Records supplied —
____________________

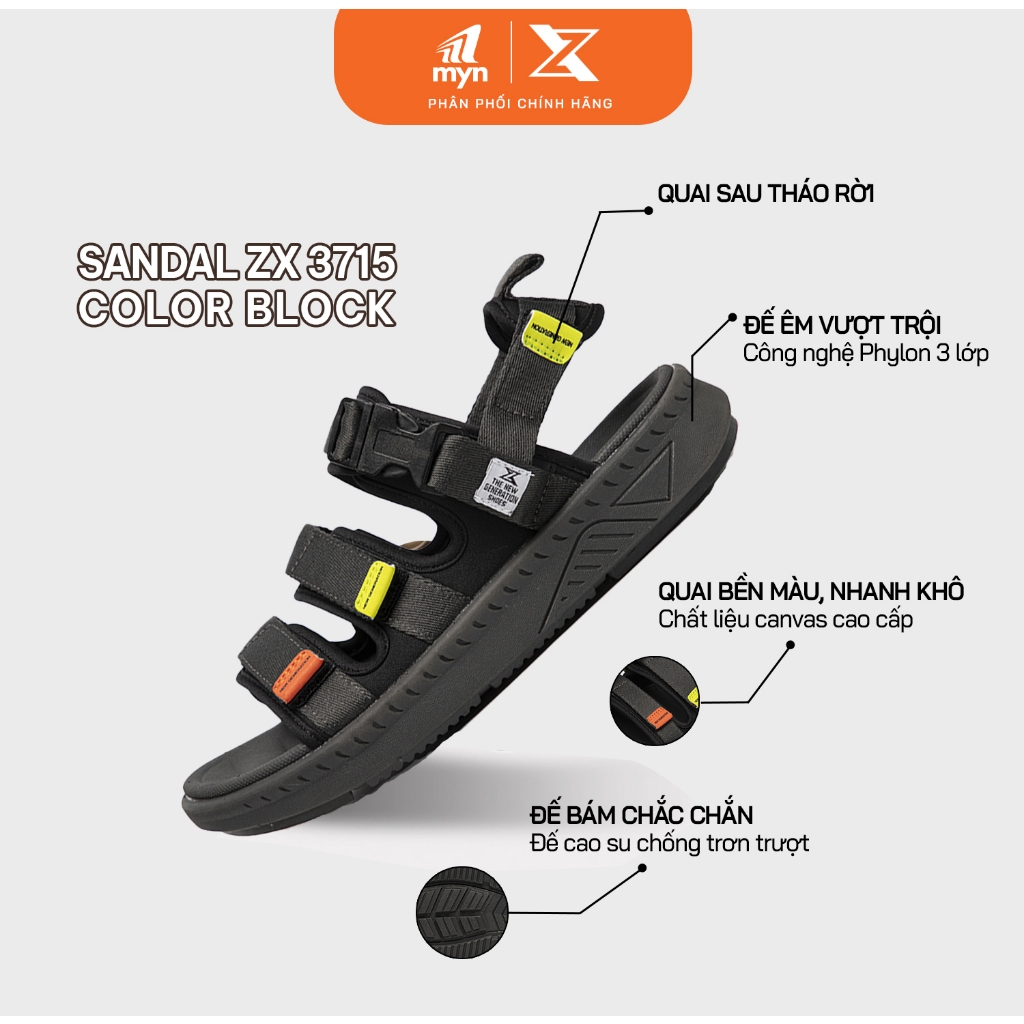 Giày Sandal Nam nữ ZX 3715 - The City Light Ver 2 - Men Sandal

____________________

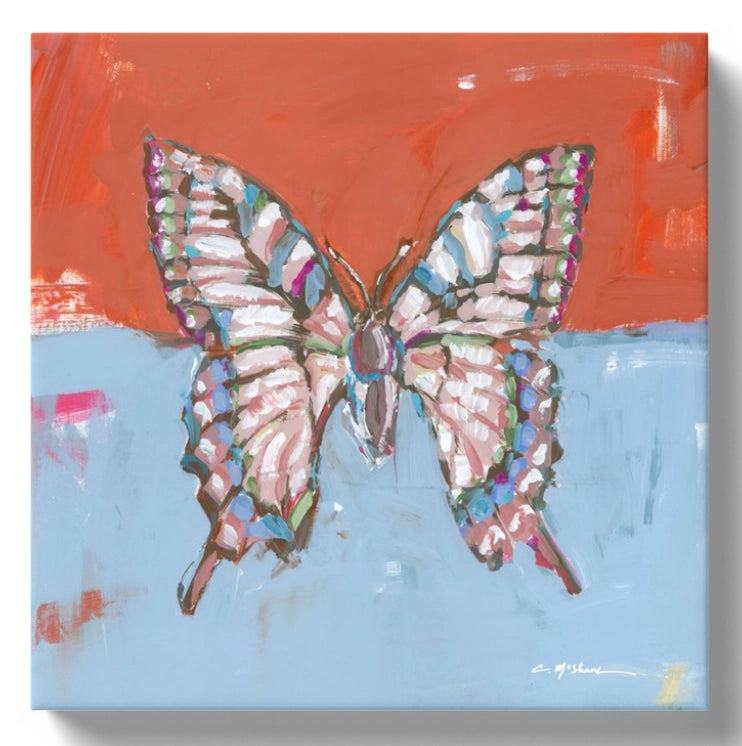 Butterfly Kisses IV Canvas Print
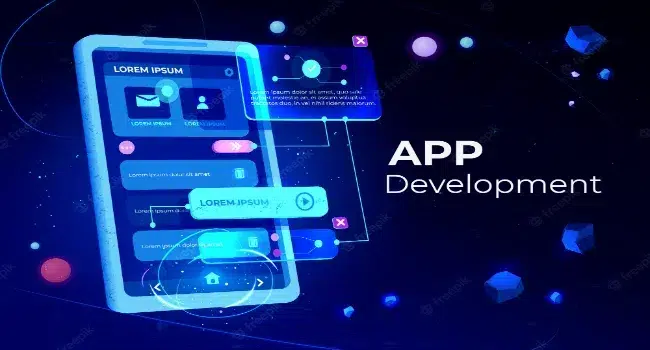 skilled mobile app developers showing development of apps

____________________

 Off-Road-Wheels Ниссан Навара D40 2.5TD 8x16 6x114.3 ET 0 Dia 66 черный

____________________

About this exercise —
Beginning with the line above that contains "Butterfly Kisses IV Canvas Print" and ending with the line that contains "skilled mobile app", quote each line exactly, keeping out the pictures.

Response —
 Butterfly Kisses IV Canvas Print
 skilled mobile app developers showing development of apps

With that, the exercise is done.